* EXERCISE BRIEF: Give back every line of the material below exactly, but no images.

* INPUT MATERIAL:
* * * * * * * * *

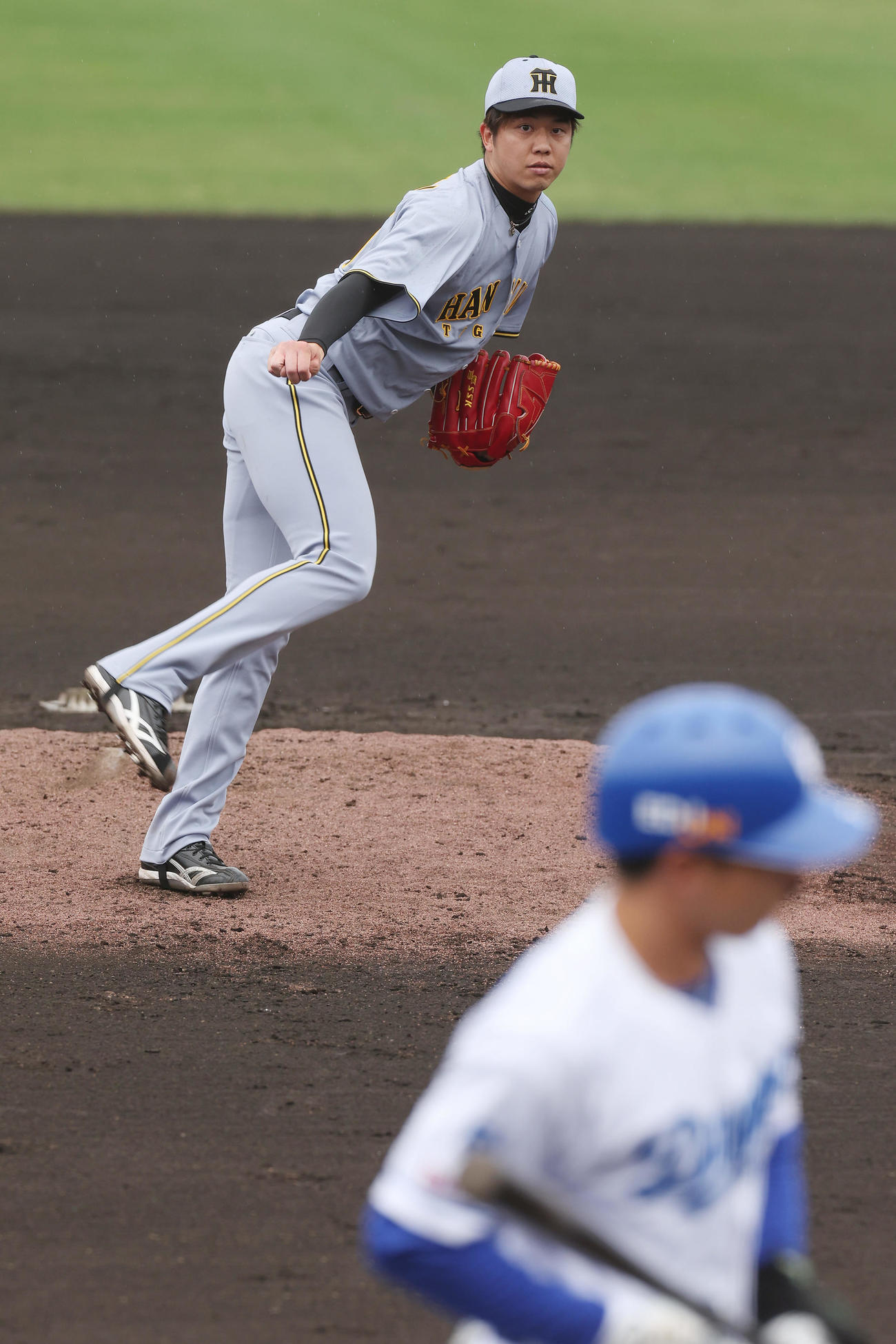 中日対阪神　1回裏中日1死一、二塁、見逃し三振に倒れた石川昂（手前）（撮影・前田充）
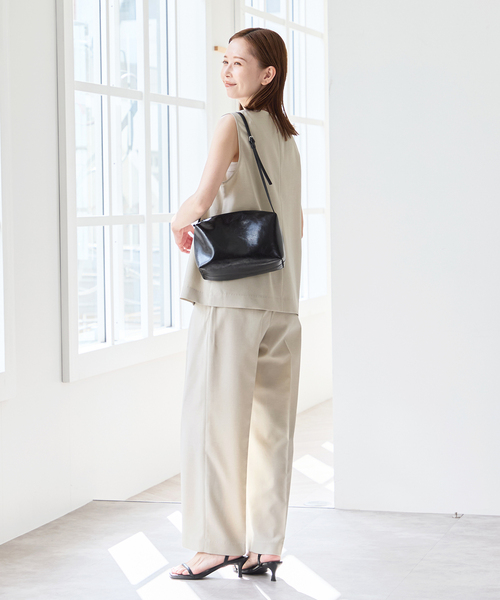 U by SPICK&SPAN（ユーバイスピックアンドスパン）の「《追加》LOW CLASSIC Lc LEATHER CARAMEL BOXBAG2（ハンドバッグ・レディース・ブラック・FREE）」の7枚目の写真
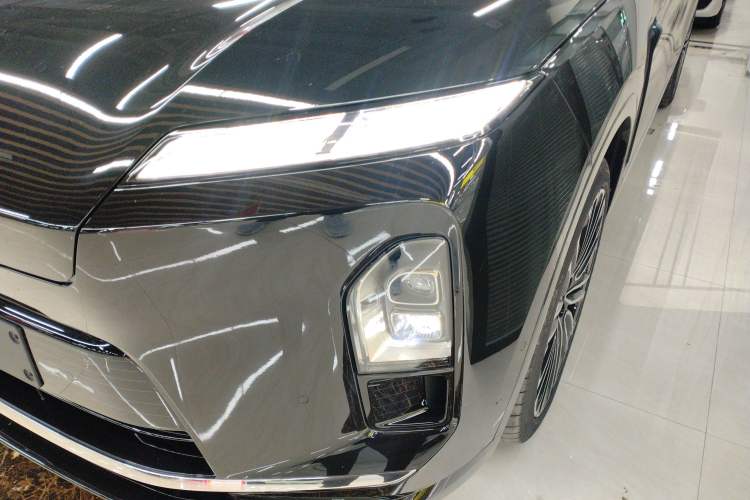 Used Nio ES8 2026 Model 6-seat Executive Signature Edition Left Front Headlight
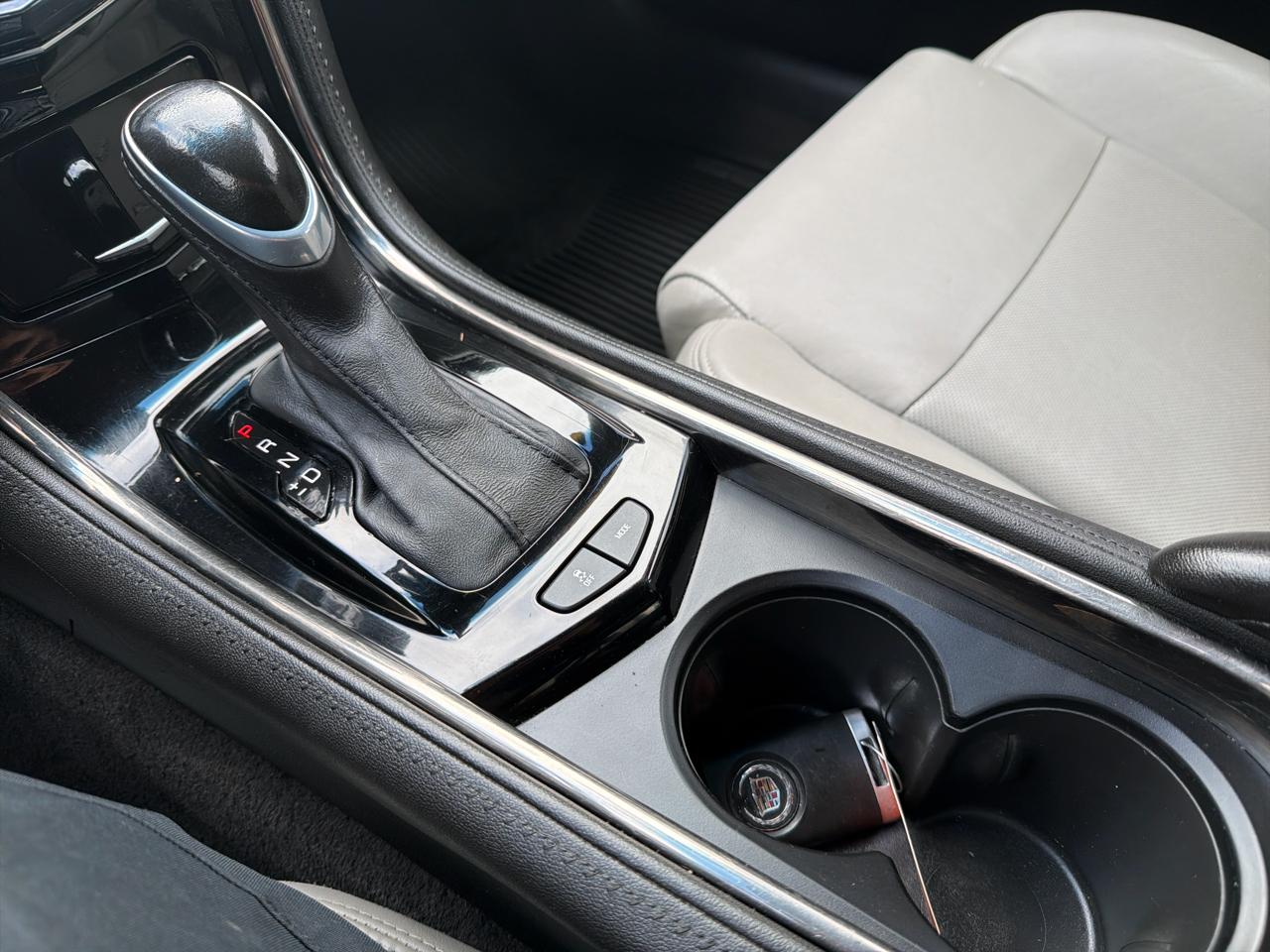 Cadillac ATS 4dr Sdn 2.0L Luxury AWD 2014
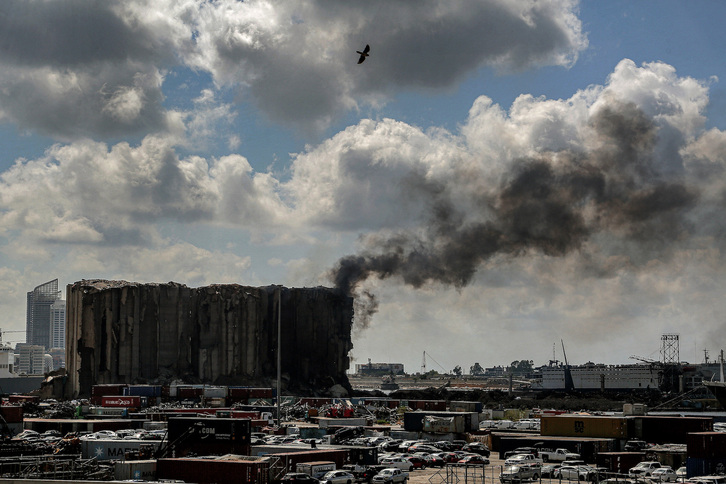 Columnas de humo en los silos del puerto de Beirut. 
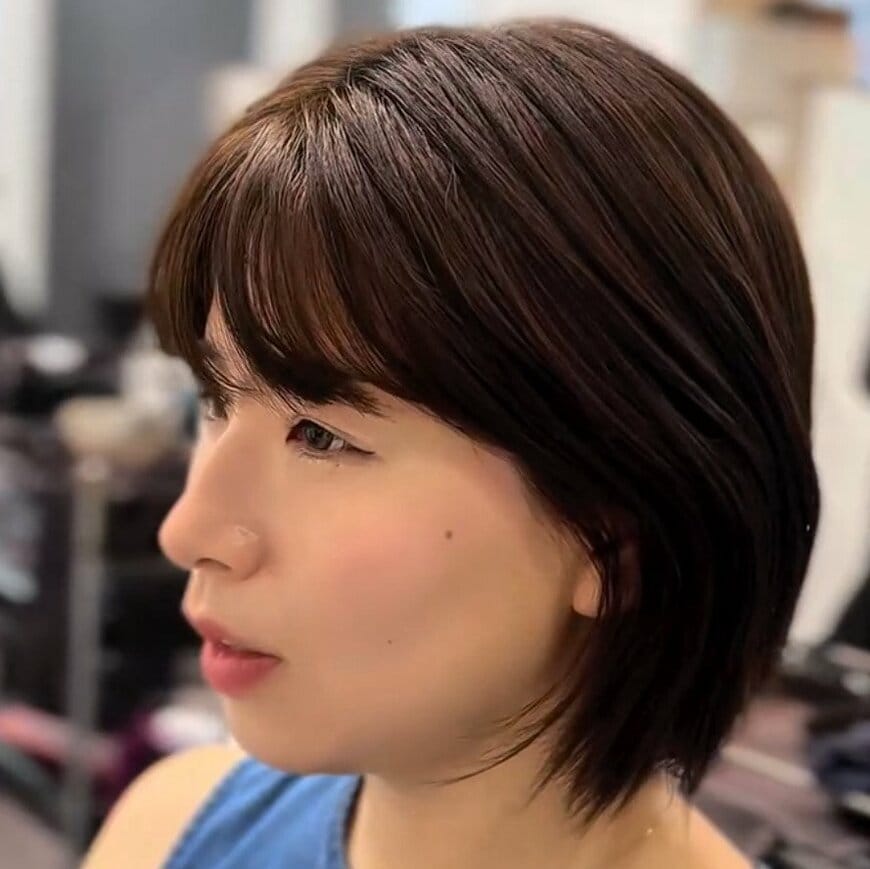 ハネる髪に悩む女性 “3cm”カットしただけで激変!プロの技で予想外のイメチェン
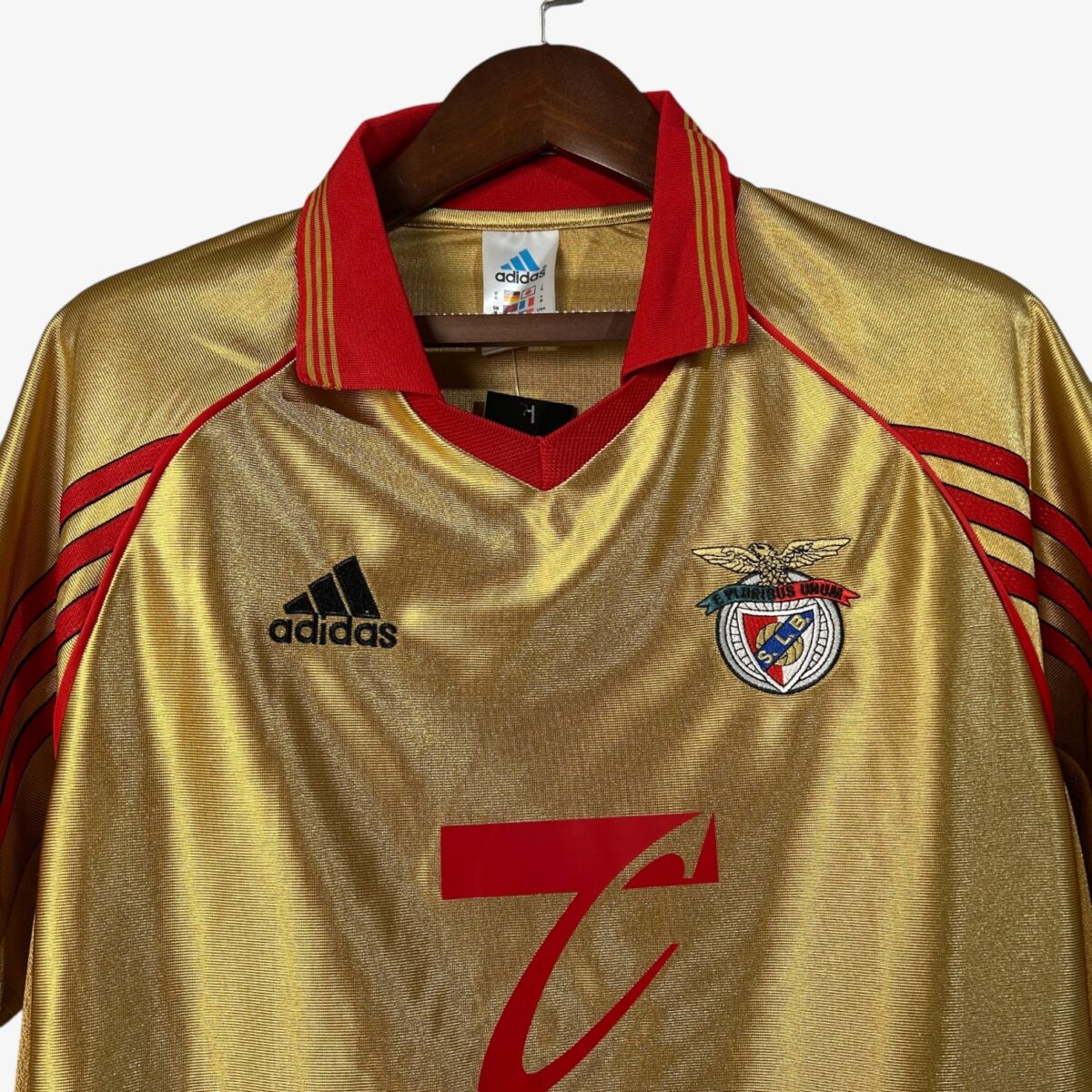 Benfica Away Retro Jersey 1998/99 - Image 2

* * * * * * * * *

* RESPONSE BOX:
 中日対阪神　1回裏中日1死一、二塁、見逃し三振に倒れた石川昂（手前）（撮影・前田充）
 U by SPICK&SPAN（ユーバイスピックアンドスパン）の「《追加》LOW CLASSIC Lc LEATHER CARAMEL BOXBAG2（ハンドバッグ・レディース・ブラック・FREE）」の7枚目の写真
 Used Nio ES8 2026 Model 6-seat Executive Signature Edition Left Front Headlight
 Cadillac ATS 4dr Sdn 2.0L Luxury AWD 2014
 Columnas de humo en los silos del puerto de Beirut. 
 ハネる髪に悩む女性 “3cm”カットしただけで激変!プロの技で予想外のイメチェン
 Benfica Away Retro Jersey 1998/99 - Image 2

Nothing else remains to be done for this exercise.